Our contractor is PR Green Tech Corp. Julio Correa, the owner, is friendly and attentive, and appears to be quite devoted to his avocation. I hope this will serve us into the future as technologies evolve.

Saturday, October 3, 2009

restart

After most of a year of delay, I have restarted my solar home project.
Yesterday (October 2), I gave a presentation on home solar power at a local parochial school, "Nuestra Señora de Carmen", in Hatillo, PR. I was very impressed by the abilities and interests of this group of 11th graders. They asked a lot of interesting questions, and in this post, I will begin to address them. We start with anticipated power cost savings.

The simple calculation is to estimate how many kilowatt-hours per month my system will produce and how much electrical power will cost over the coming years. We are installing a 2kW system. We can reasonably expect to have full sun on the panels for 6 hours/day, 25 days per month, which adds up to 150 h/month. We currently pay 20¢ per kWh, so this will be worth $30/month. At this rate, we will reduce our electric bill by $360 a year, or $3600 over 10 years, and it will take about 20 years to pay off our ultimate construction cost, which is close to the 25-year 80% efficiency lifetime of the panels. (A total cost of $7200 includes the tax credit we expect to receive from the PR government.) In reality, it may take 25–30 years to pay off the system.

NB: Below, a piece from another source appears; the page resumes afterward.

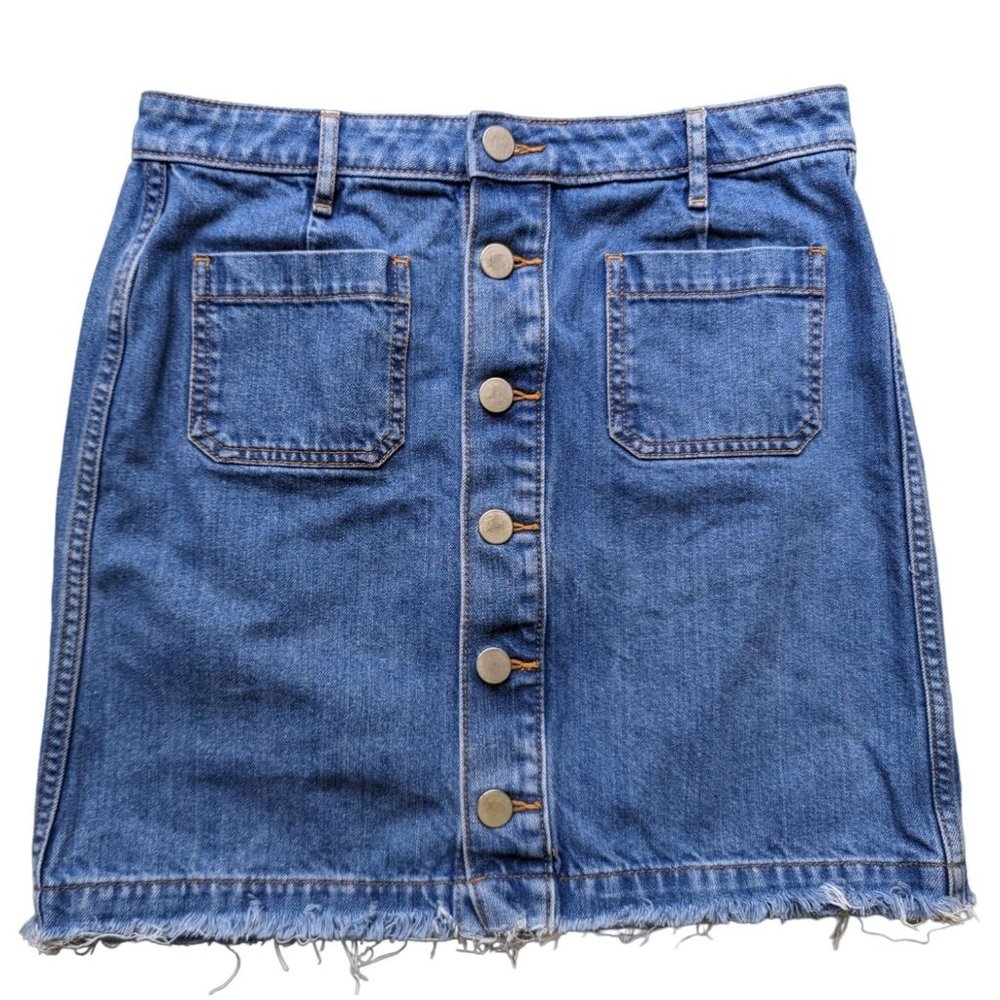 Loft Outlet denim button front raw hem mini skirt size 6 petite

The above calculation makes a big assumption: that electricity costs will not go up. However, only a little over a year ago we were paying close to 30¢ per kWh, and this cost will increase in the coming years. The question is, by how much? This is a big problem to estimate, as electric power costs do not change with any predictable pattern. We can assume that these costs have bottomed out, given the state of the economy, the environment, and of known reserves of petroleum (see this link for estimates of future petroleum costs) (in PR there are currently no other sources of electricity). If electrical power averages 30¢ per kWh over the next 10 years, we will save $5400 rather than $3600.

I will do some more research on electricity costs. In future posts I will touch on changes in our plans, solar-thermal power, and wind power.